Running fewer MPI tasks than the cores you have available

#!/bin/bash 
# Account name to run under 
#SBATCH -A hpc2nXXXX-YYY
# Give a sensible name for the job
#SBATCH -J my_job_name
# ask for 4 full nodes
#SBATCH -N 4
#SBATCH --exclusive       
# ask for 1 day and 3 hours of run time
#SBATCH -t 1-03:00:00

# Clear the environment from any previously loaded modules
module purge > /dev/null 2>&1

# Load the module environment suitable for the job - here foss/2021b 
module load foss/2021b

# run only 1 MPI task/process on a node, regardless of how many cores the nodes have.
srun -n 4 --ntasks-per-node=1 ./my_mpi_program

Hybrid MPI/OpenMP jobs¶

This example shows a hybrid MPI/OpenMP job with 4 tasks and 28 cores per task.

#!/bin/bash
# Example with 4 tasks and 28 cores per task for MPI+OpenMP
#
# Project/Account - change to your own 
#SBATCH -A hpc2nXXXX-YYY
#
# Number of MPI tasks
#SBATCH -n 4
#
# Number of cores per task (regular Skylake nodes have 28 cores) 
#SBATCH -c 28
#
# Runtime of this job example is less then 12 hours.
#SBATCH --time=12:00:00
#
# Clear the environment from any previously loaded modules
module purge > /dev/null 2>&1

# Load the module environment suitable for the job - here foss/2021b
module load foss/2019a

# Set OMP_NUM_THREADS to the same value as -c
# with a fallback in case it isn't set.
# SLURM_CPUS_PER_TASK is set to the value of -c, but only if -c is explicitly set
if [ -n "$SLURM_CPUS_PER_TASK" ]; then
   omp_threads=$SLURM_CPUS_PER_TASK
else
   omp_threads=1
fi
export OMP_NUM_THREADS=$omp_threads

# Running the program
srun --cpu_bind=cores ./mpi_openmp_program

Multiple jobs¶

This section show examples of starting multiple jobs within the same submit file.

Starting more than one serial job in the same submit file

#!/bin/bash
#SBATCH -A hpc2nXXXX-YYY
#SBATCH -n 5
#SBATCH --time=00:15:00

module purge > /dev/null 2>&1 
ml foss/2021b

srun -n 1 ./job1.batch &
srun -n 1 ./job2.batch &
srun -n 1 ./job3.batch &
srun -n 1 ./job4.batch &
srun -n 1 ./job5.batch
wait

All the jobs are serial jobs, and as they are started at the same time, you need to make sure each has a core to run on.
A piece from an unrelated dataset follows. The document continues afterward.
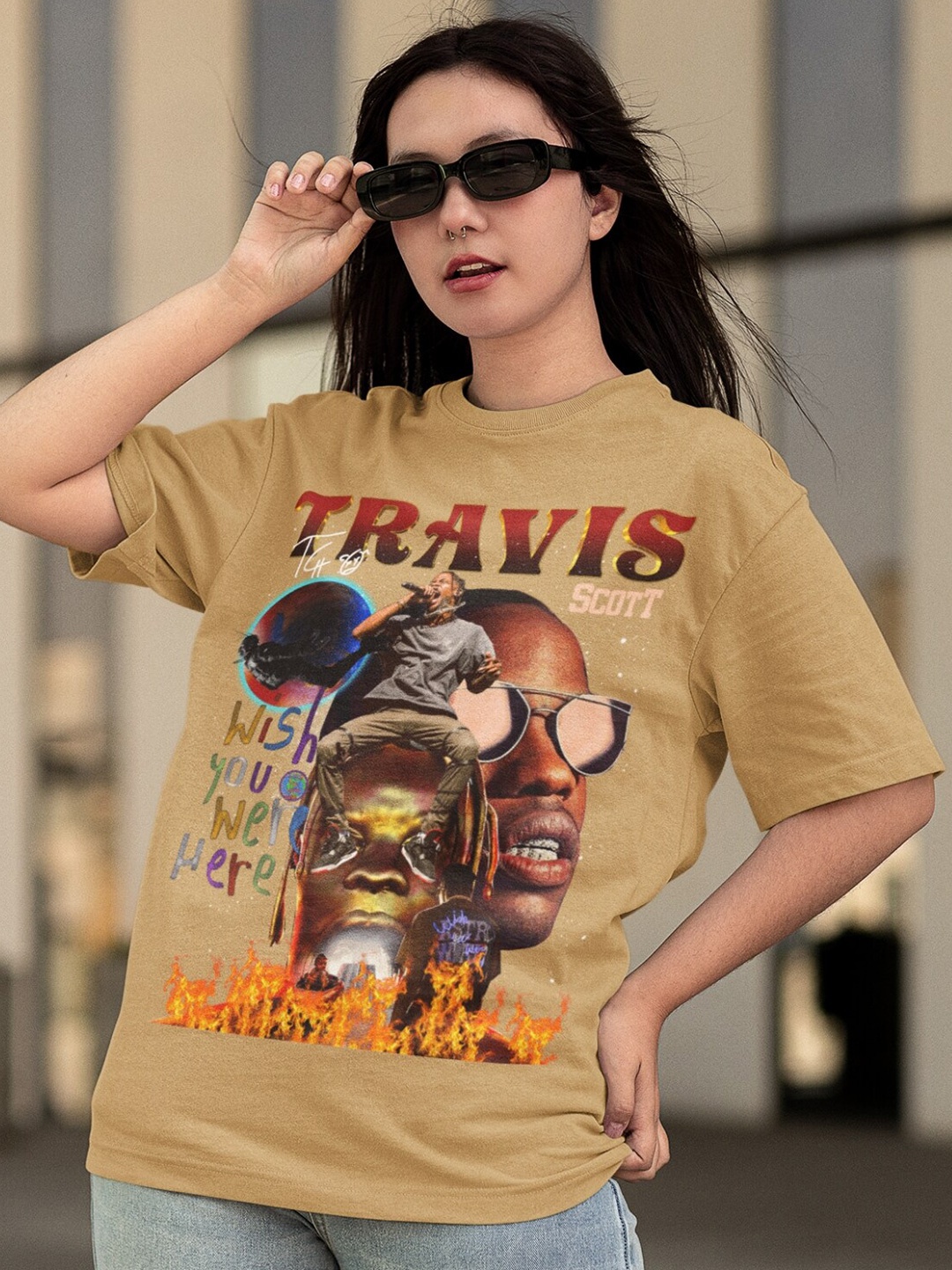 

CAPTCHA Extended Sleeves Graphic Printed Cotton Casual T-shirt, Beige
The time you ask for must be long enough that even the longest of the jobs have time to finish. Remember the wait at the end. If you do not include this, then the batch job will finish when the first of the jobs finishes instead of waiting for all to finish. Also notice the & at the end of each command to run a job.

Multiple Parallel Jobs Sequentially

#!/bin/bash
#SBATCH -A hpc2nXXXX-YYY
#SBATCH -c 28
# Remember to ask for enough time for all jobs to complete
#SBATCH --time=02:00:00

module purge > /dev/null 2>&1
ml foss/2021b

srun -n 14 ./a.out
srun -n 14 -c 2 ./b.out
srun -n 28 ./c.out

Here the jobs are parallel, but they run sequentially which means that you only need enough cores that you have enough for the job that uses the most cores. In this example, the first uses 14, the second 28 (because each task uses 2 cores), the third uses 28. So you need 28 here.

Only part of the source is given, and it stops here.